→ **Work item**:
Gather all lines from the material that contain the word "Blouse".
═════ Data shown
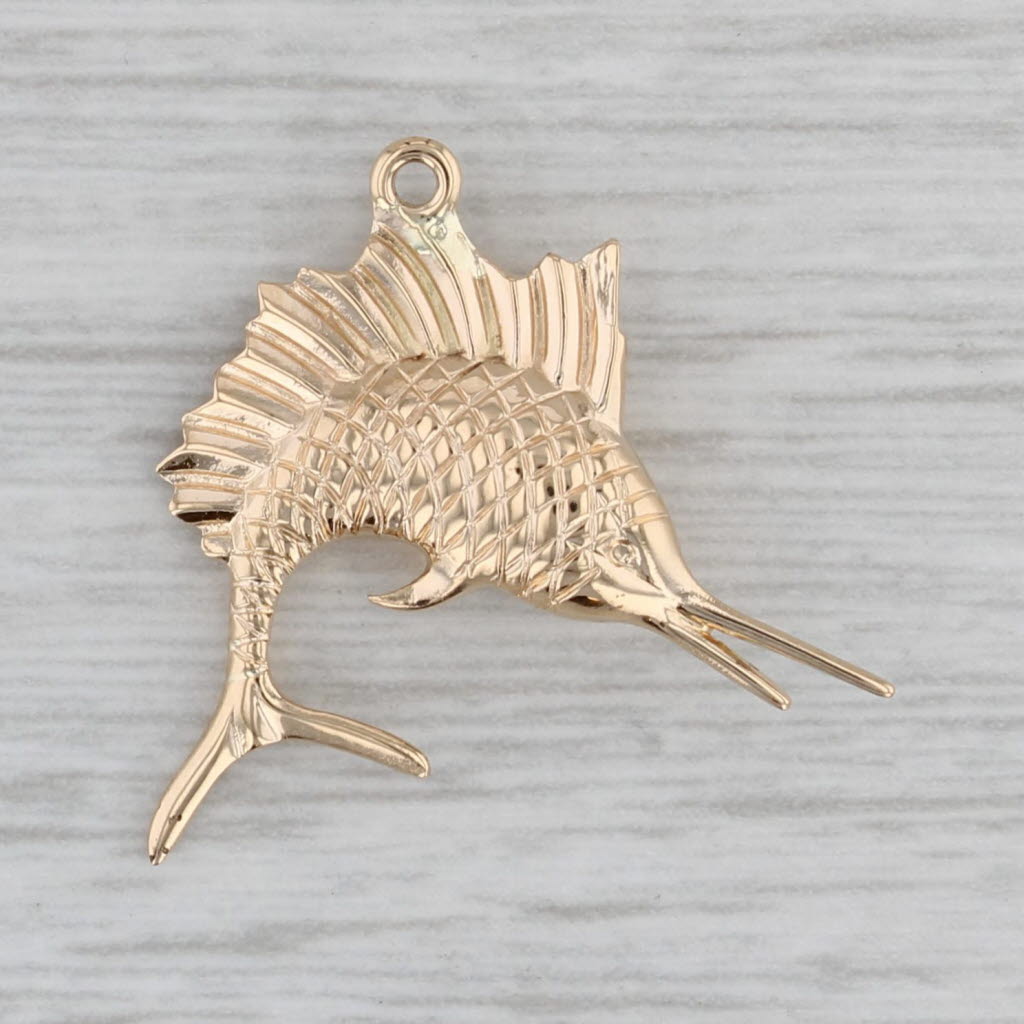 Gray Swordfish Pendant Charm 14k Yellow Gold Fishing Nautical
══════════
═════ Data shown
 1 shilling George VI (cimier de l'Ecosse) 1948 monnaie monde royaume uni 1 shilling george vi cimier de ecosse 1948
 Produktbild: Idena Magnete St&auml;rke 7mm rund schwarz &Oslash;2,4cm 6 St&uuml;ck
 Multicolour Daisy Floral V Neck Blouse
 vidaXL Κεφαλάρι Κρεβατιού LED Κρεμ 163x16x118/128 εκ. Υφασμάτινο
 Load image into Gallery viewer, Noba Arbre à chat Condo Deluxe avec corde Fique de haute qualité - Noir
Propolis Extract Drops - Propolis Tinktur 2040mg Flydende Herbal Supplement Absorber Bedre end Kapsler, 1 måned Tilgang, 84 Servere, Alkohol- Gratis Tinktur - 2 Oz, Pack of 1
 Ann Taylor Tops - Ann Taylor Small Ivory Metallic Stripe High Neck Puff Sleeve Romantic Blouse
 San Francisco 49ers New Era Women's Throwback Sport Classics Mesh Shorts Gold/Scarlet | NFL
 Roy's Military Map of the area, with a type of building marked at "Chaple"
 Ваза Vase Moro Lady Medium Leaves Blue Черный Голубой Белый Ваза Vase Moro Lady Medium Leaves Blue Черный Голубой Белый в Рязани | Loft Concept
══════════
→ **Written answer**:
 Multicolour Daisy Floral V Neck Blouse
 Ann Taylor Tops - Ann Taylor Small Ivory Metallic Stripe High Neck Puff Sleeve Romantic Blouse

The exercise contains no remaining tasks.